Follow-up: When would you use a composite action vs. JavaScript vs. Docker?

You created a JavaScript GitHub Action. You used `const os = require('os')` to get the OS name. The action works on macOS and Linux runners, but fails on Windows runners with "cannot find module 'os'". Why?

This is unusual—the built-in `os` module should be available on all platforms. Likely causes: (1) Node.js version mismatch: on Windows, the installed Node.js might be outdated or missing core modules. Check: `node --version` and `node -e "console.log(require('os').platform())"`. (2) Your `action.yml` specifies an unsupported Node.js version: `runs: using: 'node16'` means Node 16. Windows runners might have a different version. Use `node20` (latest supported). (3) Caching issue: if you use `npm install` and the Windows runner's npm cache is corrupt, modules might not install. Clear cache: `npm cache clean --force`. (4) More likely: your code has a typo. Double-check: `require('os')` is correct. (5) For cross-platform actions: test on all OS (Windows, macOS, Linux) to catch platform-specific issues. (6) Alternative: use a Docker action. Docker containers are Linux-based and behave consistently across platforms. If you use a JavaScript action on Windows, you're running Node.js natively—watch for platform differences.

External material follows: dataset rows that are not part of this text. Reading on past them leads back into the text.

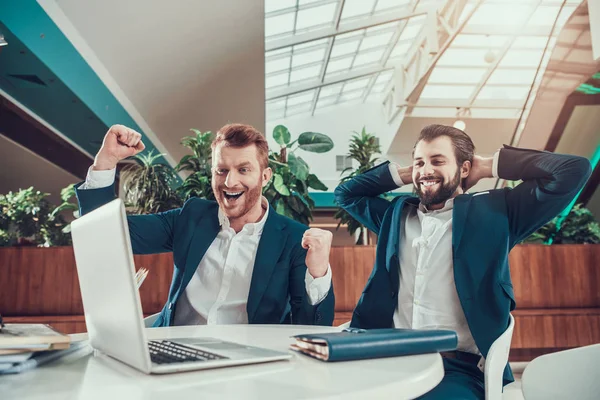 Két férfi ünneplő látszó laptop iroda. — Stock Fotó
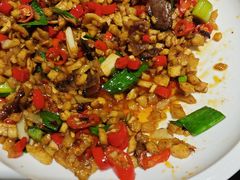 -建辉湖南土菜馆(南大街店)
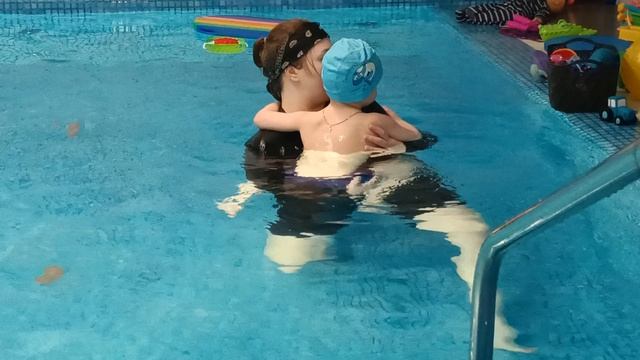 Плавания в бассейне с тренером!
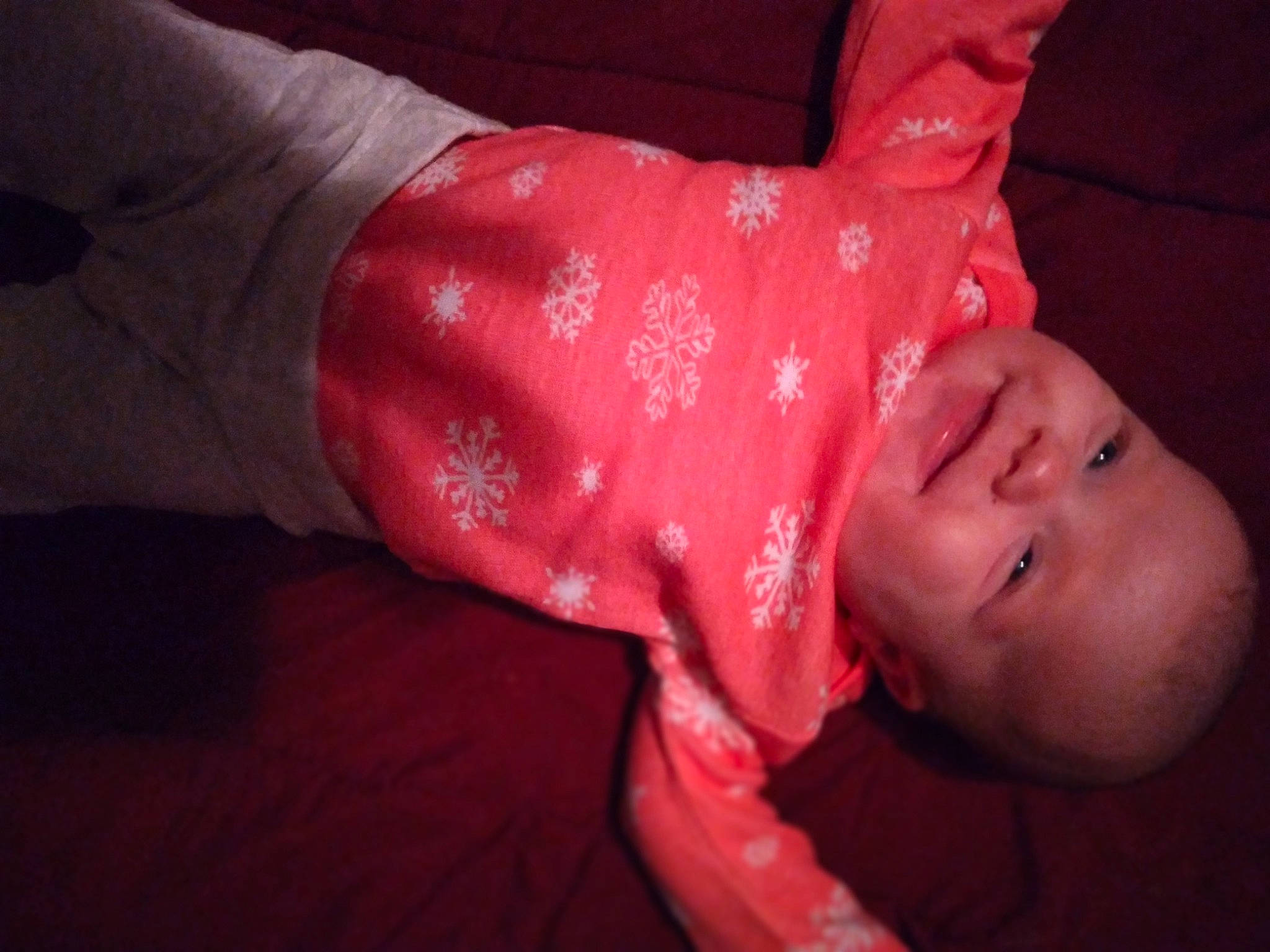 Rayla is registered to the contest to win money with this photo: arm, baby, baby_toddler_clothing, cheek, comfort, elbow, finger, flash_photography, hand, human_body, joy, lip, mammal, mouth, neck, nose, person, skin, sleeve, smile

Follow-up: How would you test a JavaScript action on Windows, macOS, and Linux runners?

You created a Docker GitHub Action. The action's image is 2 GB (includes Python, numpy, pandas, ML libraries). When users call the action, the first run takes 5 minutes (pulling and extracting the image). Subsequent runs are faster (image is cached). But the 5-minute initial delay bothers users. How do you optimize?

Optimize Docker image size and distribution: (1) Reduce image size: use a smaller base image (alpine instead of ubuntu). Example: `FROM python:3.11-alpine` is 50 MB vs. `python:3.11` is 1 GB. (2) Use multi-stage builds: build dependencies in an intermediate stage, then copy only the final artifacts to a minimal runtime image. This cuts size by 50-70%. (3) Remove unnecessary dependencies: some libraries include docs, tests, examples. Remove them. (4) Use lightweight package managers: if using apt, use `apt-get --no-install-recommends` to skip optional dependencies. (5) Pre-push image to a registry: instead of relying on GitHub's Docker build, pre-build and push the image to Docker Hub or GitHub Container Registry. When users pull, they get a cached image (faster). (6) Distribute via GitHub Container Registry: GHCR has global CDN and caches images per user. Faster download than rebuilding. (7) Split into smaller images: if the action has multiple use cases, provide small images for common cases (e.g., basic Python) and large images for advanced cases (with ML libraries). Users choose. (8) Document: "First run takes 5 minutes; subsequent runs are instant due to caching." This manages expectations. (9) For critical paths: pre-warm runners with the image. Keep a runner with the image cached permanently (or run a nightly cron to pull and cache it).

Follow-up: Design a Docker action distribution strategy that minimizes first-run overhead.

You created a JavaScript action that reads from `process.env.GITHUB_TOKEN` to authenticate to GitHub API. The action works locally (you manually set GITHUB_TOKEN). But in GitHub Actions workflows, the action fails: "Invalid credentials." Why?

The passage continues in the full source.